Problem to work on:
Restate word for word the lines of the entries below, starting with the line that holds "antique wooden carved" and ending with the line that holds "Mustela Normal Skin", and no others.

------------------------

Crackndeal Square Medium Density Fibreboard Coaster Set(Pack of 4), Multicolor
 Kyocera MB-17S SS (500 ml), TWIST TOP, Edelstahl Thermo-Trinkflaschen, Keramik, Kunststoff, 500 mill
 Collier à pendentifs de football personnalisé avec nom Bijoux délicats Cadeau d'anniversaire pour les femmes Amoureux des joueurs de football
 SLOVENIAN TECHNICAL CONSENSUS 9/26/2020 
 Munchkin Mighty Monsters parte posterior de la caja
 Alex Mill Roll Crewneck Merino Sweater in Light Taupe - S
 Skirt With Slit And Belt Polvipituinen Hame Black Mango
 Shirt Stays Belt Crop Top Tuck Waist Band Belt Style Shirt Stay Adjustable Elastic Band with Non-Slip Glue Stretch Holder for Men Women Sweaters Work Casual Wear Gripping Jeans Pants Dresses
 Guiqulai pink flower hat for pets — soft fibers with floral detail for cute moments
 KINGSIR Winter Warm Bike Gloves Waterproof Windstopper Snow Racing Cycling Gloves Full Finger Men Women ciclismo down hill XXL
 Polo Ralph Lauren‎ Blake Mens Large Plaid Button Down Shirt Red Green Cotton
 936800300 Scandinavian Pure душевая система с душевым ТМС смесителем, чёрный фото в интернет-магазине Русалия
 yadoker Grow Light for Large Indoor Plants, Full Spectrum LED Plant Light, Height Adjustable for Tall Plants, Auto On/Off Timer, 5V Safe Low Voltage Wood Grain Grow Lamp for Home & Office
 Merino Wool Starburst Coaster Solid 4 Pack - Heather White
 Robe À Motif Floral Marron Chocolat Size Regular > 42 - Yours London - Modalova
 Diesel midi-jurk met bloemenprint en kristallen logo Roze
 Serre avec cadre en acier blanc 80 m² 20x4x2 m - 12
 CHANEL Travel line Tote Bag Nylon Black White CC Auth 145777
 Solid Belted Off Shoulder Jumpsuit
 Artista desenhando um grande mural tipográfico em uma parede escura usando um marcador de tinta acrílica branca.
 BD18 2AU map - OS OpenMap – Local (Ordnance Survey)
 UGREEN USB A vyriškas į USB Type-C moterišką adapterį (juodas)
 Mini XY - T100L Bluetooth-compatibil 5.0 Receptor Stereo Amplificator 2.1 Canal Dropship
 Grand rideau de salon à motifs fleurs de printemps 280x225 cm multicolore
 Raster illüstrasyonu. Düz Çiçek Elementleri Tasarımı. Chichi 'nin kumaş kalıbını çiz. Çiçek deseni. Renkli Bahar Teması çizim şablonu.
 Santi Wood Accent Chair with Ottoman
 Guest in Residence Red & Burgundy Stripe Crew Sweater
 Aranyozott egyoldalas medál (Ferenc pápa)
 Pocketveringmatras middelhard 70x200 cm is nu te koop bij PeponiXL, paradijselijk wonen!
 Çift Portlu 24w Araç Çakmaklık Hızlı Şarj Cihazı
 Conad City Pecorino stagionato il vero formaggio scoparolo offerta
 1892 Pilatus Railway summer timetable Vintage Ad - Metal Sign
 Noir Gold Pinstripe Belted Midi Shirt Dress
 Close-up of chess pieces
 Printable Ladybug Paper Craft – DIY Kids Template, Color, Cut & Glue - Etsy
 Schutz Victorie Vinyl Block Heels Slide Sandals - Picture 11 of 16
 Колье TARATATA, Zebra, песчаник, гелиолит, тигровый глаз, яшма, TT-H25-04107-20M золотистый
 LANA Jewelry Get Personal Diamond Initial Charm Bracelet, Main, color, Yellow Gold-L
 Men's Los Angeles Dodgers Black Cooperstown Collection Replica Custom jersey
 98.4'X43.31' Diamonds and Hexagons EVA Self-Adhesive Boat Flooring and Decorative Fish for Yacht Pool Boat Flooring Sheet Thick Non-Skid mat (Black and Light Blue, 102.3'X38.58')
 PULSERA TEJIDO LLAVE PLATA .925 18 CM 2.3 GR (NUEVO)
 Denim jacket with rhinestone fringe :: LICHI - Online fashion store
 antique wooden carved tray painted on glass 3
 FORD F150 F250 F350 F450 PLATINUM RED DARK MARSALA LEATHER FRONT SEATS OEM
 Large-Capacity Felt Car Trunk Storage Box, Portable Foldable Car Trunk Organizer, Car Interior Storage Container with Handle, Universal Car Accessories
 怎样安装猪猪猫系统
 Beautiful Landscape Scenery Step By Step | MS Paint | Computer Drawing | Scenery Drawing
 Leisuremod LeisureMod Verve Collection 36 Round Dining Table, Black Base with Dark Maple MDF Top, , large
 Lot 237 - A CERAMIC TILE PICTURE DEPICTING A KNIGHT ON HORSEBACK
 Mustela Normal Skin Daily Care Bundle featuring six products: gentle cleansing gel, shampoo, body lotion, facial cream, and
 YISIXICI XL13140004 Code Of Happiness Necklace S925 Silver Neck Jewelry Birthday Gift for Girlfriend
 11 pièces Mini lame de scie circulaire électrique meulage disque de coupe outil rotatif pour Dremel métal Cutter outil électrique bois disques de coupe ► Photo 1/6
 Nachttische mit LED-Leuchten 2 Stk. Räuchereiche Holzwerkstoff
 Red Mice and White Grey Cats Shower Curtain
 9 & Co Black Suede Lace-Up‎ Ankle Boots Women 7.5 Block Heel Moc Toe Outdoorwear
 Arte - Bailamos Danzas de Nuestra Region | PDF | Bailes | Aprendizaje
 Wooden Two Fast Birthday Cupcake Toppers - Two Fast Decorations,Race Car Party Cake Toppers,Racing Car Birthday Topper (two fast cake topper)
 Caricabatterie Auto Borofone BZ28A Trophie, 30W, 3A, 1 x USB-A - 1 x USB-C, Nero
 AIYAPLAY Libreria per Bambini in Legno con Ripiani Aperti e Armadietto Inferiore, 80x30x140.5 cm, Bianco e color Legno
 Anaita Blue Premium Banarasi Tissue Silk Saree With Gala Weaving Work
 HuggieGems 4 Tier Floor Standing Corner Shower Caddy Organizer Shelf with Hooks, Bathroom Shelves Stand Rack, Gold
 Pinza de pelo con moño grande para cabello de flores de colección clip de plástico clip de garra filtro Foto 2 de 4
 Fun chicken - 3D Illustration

------------------------

Result of the task:
 antique wooden carved tray painted on glass 3
 FORD F150 F250 F350 F450 PLATINUM RED DARK MARSALA LEATHER FRONT SEATS OEM
 Large-Capacity Felt Car Trunk Storage Box, Portable Foldable Car Trunk Organizer, Car Interior Storage Container with Handle, Universal Car Accessories
 怎样安装猪猪猫系统
 Beautiful Landscape Scenery Step By Step | MS Paint | Computer Drawing | Scenery Drawing
 Leisuremod LeisureMod Verve Collection 36 Round Dining Table, Black Base with Dark Maple MDF Top, , large
 Lot 237 - A CERAMIC TILE PICTURE DEPICTING A KNIGHT ON HORSEBACK
 Mustela Normal Skin Daily Care Bundle featuring six products: gentle cleansing gel, shampoo, body lotion, facial cream, and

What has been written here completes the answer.